もう少し寝かしておいてあげたいので、そっとベットを抜け出して身支度します。
出かける準備をしていたら、アカがモーニングを持ってきてくれました。
「ディラックの海とやらから出した正体不明の材料ですか」
知らないうちは平気で食べてましたが、まさか虚数空間から発生したものを食べていたとは...

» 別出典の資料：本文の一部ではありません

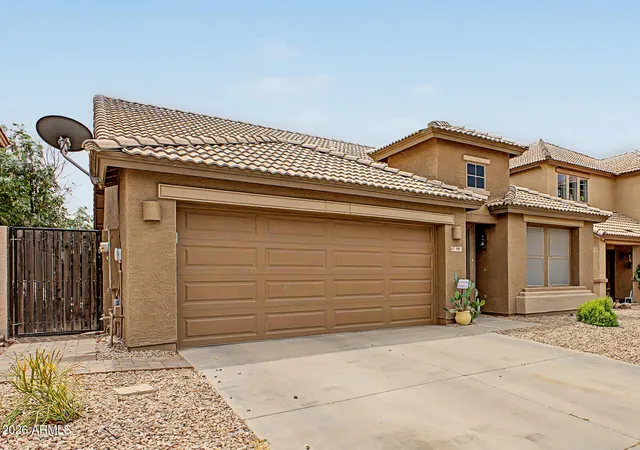 Photo 3 of Sale Pending at 99 W Yellow Bee Dr, San Tan Valley, AZ 85143 | MLS# 7017054 | Listing updated on 2026-09-24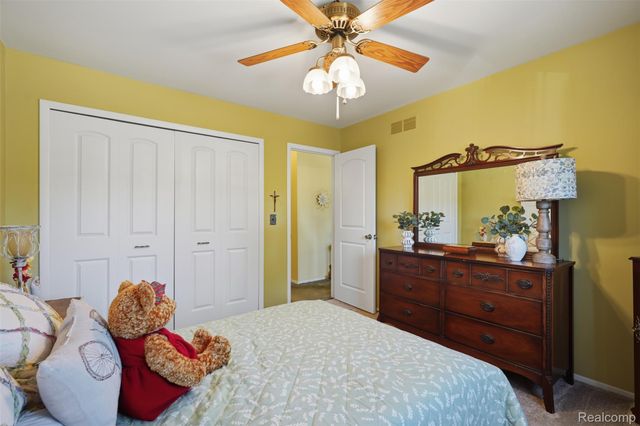 18160 Raleigh Square Drive, Southgate, MI 48195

「あのサービスは中止したというお知らせが入って、使えなくなったよ」
なんだか某検索エンジンみたいな横暴ぶりですね。
ちょっと、確認します。
「アカ。ちょっとデバッカ挿しちゃっていい?」
「朝から挿されるのいやだよ。いや、やめてってば、んっ・・あっ」
妙な反応をされて、おかしなスイッチが入りそうです。
いいのんか、ここがいいのんかっ。
...こほん。
なるほど、デバック画面上から認識できない文字はなくなっています。
あの部分がディラックの海のサービスコールだったんですね。
認識できなかったのは、セキュリティ技術の一種でしょうか?
さすが10年後の技術、予想の斜め向こうを行っています。
強引にデバックしてしまって、ちょっと不機嫌なアカをなだめながら朝食をとります。
メニューは、イングリッシュマフィン、サラダ、目玉焼きとコーヒーというシンプルなものでしたが、コーヒーがあるのは嬉しい。
私は、カフェインが無いと脳が働かないのです。
マフィンにバターをたっぷりつけて頬張ると五臓六腑に染み渡るのがわかります。
ふと見るとアカも何か『食べて』います。
テスラドールは電源駆動なのでエネルギー源としての食物は不要です。
収集したデータを分析する機能として『食べて』います。
ちょうどお菓子を食べる様なこの機能を、アカは特にお気に入りの様です。
(やっぱり『味』を感じているんでしょうか)
アカは、リスがクルミをかじる様に手に抱えた『何か』をかじっています。
癒されます。
「なにを食べているんですか?」
「のどかちゃんの報告書だよ。あのまま送ったら誤字脱字で真っ赤になって帰ってくるからね」
「いつもすいません」
やはり、私にはアカのサポートが不可欠の様です。
◆◇◆◇◆◇◆◇◆◇◆◇
サーバールームの入口で途方に暮れてしまいました。
そこには、秋葉原の町並みどころか何処にもありませんでした。
安全と言われても、何もなければどうしようもありません。
部屋の中央にスパークが走ります。
アカを抱えて、身を伏せたのですが覚悟した爆発音はありません。
代わりに、部屋の真ん中に小さな影が現れていました。